Shhhhhh, Bitely doesn't exist...


----------



## birdhntr (Jan 25, 2014)

The hunter safety can be taking care of online. Then look into the costs and appropriate licenses needed.Then what area will he be in during his visit?If he is close to the area he might have a weekday afternoon chance to hunt if in close proximity. I also recommend he practices shooting with the shotgun he will be using for better success.If you are close to my location I may be able to help.need dates and hopefully he's able to hunt sun up to sun down to get it done.this year may be a tough one with this weather.I took a French man out hunting once at friends place then I said hey let's go across the street and hunt another property. He was speechless as we crossed the road with neighbors waving and a car that passed waving also with a honk of the horn.He was nervous as we had our guns over our shoulder's.lol.He loves the USA and are liberties.I'm sure if you do some work he will be able to get to hunt turkey.A weekend hunt with a guide should be easy to set up also


----------



## multibeard (Mar 3, 2002)

I think that there maybe some field work that has to be done along with the online hunter safety. Not sure but I think my grandson had some field work along with the online when he did his hunter safety.


----------



## birdhntr (Jan 25, 2014)

They have a phone number for questions on the website.

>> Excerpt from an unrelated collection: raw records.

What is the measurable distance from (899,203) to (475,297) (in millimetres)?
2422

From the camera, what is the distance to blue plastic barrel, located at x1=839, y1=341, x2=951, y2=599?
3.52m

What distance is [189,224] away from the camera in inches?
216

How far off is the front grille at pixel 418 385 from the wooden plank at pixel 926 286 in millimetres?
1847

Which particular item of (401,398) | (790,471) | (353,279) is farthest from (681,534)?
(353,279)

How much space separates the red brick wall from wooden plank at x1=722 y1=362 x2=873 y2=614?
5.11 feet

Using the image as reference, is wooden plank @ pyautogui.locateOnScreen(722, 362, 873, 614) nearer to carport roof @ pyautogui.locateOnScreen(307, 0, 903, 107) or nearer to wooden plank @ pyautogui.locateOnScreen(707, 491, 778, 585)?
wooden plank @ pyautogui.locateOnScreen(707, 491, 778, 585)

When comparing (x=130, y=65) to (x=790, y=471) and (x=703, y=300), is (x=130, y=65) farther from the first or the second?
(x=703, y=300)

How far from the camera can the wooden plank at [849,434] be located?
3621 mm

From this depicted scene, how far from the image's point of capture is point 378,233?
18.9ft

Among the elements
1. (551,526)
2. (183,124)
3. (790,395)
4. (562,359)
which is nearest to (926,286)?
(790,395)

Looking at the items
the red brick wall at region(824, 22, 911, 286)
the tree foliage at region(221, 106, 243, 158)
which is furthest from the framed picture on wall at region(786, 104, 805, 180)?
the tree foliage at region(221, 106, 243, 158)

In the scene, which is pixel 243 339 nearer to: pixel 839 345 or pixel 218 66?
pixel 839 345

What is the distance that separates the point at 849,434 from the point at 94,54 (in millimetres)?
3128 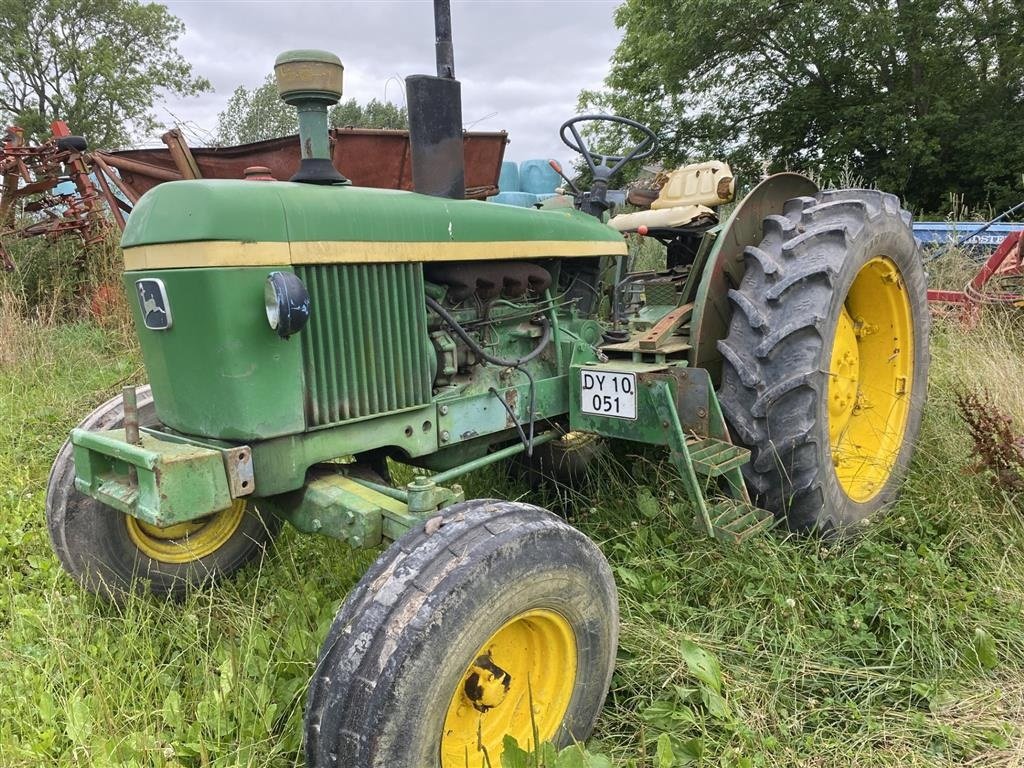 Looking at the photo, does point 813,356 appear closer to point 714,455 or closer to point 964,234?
point 714,455

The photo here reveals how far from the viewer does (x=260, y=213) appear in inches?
70.7

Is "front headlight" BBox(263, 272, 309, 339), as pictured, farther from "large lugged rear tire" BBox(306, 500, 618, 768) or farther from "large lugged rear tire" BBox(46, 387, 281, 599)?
"large lugged rear tire" BBox(46, 387, 281, 599)

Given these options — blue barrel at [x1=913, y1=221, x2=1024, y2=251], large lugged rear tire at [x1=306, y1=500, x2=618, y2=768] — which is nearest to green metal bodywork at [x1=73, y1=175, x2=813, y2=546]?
large lugged rear tire at [x1=306, y1=500, x2=618, y2=768]

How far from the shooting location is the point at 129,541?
245 centimetres

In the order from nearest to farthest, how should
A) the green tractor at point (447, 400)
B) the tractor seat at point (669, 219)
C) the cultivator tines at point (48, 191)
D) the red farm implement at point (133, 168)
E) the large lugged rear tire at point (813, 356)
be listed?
1. the green tractor at point (447, 400)
2. the large lugged rear tire at point (813, 356)
3. the tractor seat at point (669, 219)
4. the red farm implement at point (133, 168)
5. the cultivator tines at point (48, 191)

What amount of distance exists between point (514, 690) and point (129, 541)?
1474 millimetres

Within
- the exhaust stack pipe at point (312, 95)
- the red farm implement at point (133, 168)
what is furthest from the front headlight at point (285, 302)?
the red farm implement at point (133, 168)

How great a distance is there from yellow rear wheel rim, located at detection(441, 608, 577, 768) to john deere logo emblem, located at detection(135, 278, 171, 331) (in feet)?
3.73

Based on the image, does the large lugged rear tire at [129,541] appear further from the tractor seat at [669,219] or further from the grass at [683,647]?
the tractor seat at [669,219]

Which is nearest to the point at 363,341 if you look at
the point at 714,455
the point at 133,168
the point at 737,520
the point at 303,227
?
the point at 303,227

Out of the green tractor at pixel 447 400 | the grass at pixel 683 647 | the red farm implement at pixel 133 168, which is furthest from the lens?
the red farm implement at pixel 133 168

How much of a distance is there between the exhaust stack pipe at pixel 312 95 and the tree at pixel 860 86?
12.0 m

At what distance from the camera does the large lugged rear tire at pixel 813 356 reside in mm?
2604

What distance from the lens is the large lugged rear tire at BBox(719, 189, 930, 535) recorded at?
8.54ft
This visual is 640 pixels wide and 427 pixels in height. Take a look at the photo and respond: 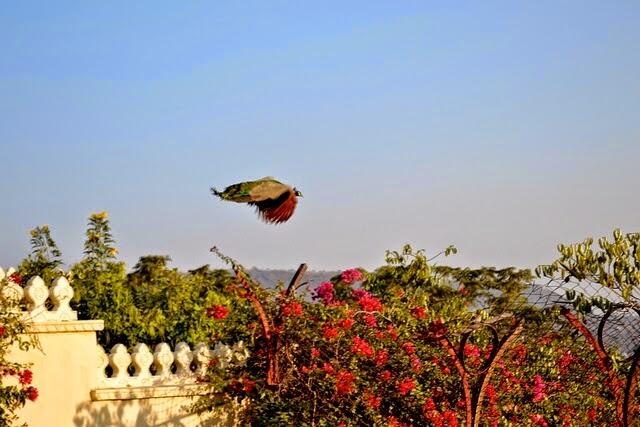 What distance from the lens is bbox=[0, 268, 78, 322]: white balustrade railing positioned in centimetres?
1073

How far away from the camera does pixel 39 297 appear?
35.4ft

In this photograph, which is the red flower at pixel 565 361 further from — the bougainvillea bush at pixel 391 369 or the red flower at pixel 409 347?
the red flower at pixel 409 347

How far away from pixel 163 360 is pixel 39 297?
1.43 metres

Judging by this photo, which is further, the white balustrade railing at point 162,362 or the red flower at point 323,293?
the red flower at point 323,293

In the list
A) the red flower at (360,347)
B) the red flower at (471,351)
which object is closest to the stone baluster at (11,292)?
the red flower at (360,347)

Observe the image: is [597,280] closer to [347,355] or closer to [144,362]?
[347,355]

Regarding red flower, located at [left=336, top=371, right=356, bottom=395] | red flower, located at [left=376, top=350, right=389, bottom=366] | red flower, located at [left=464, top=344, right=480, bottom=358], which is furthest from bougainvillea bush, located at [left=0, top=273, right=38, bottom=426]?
red flower, located at [left=464, top=344, right=480, bottom=358]

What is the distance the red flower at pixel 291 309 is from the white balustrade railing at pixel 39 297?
78.7 inches

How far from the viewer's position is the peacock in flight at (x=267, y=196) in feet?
41.6

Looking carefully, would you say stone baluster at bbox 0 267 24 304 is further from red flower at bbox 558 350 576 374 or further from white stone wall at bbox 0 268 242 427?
red flower at bbox 558 350 576 374

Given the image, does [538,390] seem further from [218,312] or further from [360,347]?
[218,312]

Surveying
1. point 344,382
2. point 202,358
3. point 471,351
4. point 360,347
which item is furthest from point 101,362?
point 471,351

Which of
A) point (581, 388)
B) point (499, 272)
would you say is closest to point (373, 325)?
point (581, 388)

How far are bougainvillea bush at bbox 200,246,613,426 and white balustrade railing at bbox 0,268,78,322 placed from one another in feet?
4.61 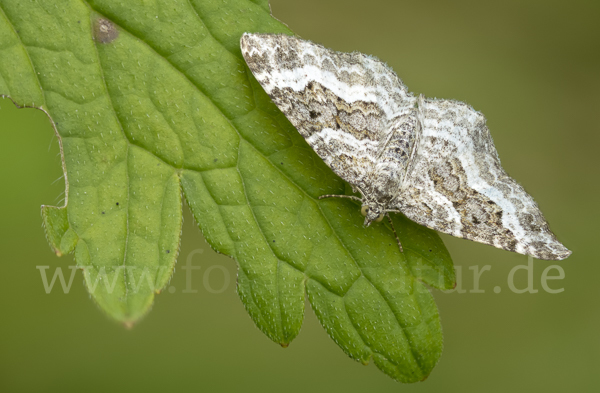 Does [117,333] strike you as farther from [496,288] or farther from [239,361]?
[496,288]

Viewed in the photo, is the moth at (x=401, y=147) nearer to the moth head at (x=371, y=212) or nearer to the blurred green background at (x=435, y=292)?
the moth head at (x=371, y=212)

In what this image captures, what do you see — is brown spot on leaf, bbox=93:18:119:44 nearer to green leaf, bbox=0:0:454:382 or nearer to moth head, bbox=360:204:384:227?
green leaf, bbox=0:0:454:382

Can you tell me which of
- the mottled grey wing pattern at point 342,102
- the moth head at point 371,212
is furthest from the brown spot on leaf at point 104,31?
the moth head at point 371,212

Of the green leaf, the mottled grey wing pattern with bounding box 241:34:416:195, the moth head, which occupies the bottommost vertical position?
the green leaf

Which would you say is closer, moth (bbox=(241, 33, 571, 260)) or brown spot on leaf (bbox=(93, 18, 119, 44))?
brown spot on leaf (bbox=(93, 18, 119, 44))

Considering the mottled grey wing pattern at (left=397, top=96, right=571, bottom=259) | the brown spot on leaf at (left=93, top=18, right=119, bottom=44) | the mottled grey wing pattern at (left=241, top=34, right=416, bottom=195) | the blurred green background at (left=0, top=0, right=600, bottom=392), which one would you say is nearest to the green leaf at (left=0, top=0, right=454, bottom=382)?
the brown spot on leaf at (left=93, top=18, right=119, bottom=44)

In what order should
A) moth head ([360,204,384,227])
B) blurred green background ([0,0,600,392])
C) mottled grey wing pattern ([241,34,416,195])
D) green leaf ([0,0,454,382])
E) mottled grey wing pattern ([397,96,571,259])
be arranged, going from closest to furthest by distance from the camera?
green leaf ([0,0,454,382]), mottled grey wing pattern ([241,34,416,195]), moth head ([360,204,384,227]), mottled grey wing pattern ([397,96,571,259]), blurred green background ([0,0,600,392])

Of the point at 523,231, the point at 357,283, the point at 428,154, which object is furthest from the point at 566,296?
the point at 357,283

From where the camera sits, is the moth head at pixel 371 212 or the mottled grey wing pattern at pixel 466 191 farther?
the mottled grey wing pattern at pixel 466 191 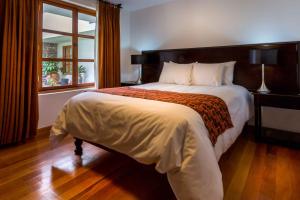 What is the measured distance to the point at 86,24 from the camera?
150 inches

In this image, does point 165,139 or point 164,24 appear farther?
point 164,24

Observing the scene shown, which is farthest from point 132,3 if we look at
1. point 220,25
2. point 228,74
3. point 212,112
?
point 212,112

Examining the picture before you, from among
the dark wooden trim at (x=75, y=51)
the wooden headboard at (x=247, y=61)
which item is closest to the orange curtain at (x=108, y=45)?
the dark wooden trim at (x=75, y=51)

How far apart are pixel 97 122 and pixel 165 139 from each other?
771mm

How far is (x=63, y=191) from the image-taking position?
1.67 metres

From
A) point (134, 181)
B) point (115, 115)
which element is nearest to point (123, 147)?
point (115, 115)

I would contact them and see what needs to be done


----------



## FireDoc66 (Oct 9, 2005)

There is some field work/skills that have to be completed with a HS Instructor after you complete the online portion.


----------



## tdduckman (Jan 17, 2001)

You can buy an Apprentice license without Hunter safety.

If you are paying for a guide it would make sense.

On the other hand my guess is that anyone who is looking at a turkey hunt may already have HS


TD


----------



## freezen1979 (Mar 22, 2015)

Retiredducker said:


> Hey Stormy ... the reason I asked was I was going to offer a free hunt on my property ! Screw off now pal!!


I'm a new Turkey hunter. I'm 3 seasons in, hundreds of hours in the woods, god knows how many books and Youtube videos, and zero turkey. Can I have his spot?


----------



## DEDGOOSE (Jan 19, 2007)

freezen1979 said:


> I'm a new Turkey hunter. I'm 3 seasons in, hundreds of hours in the woods, god knows how many books and Youtube videos, and zero turkey. Can I have his spot?


Break them down for as simple as their needs are and capitalize. Don't over think them. Best advice I've ever been given and best I can pass along


----------



## shotgun12 (Jul 19, 2005)

over here in england we dont have to do a hunters safety,just have gun and go.


----------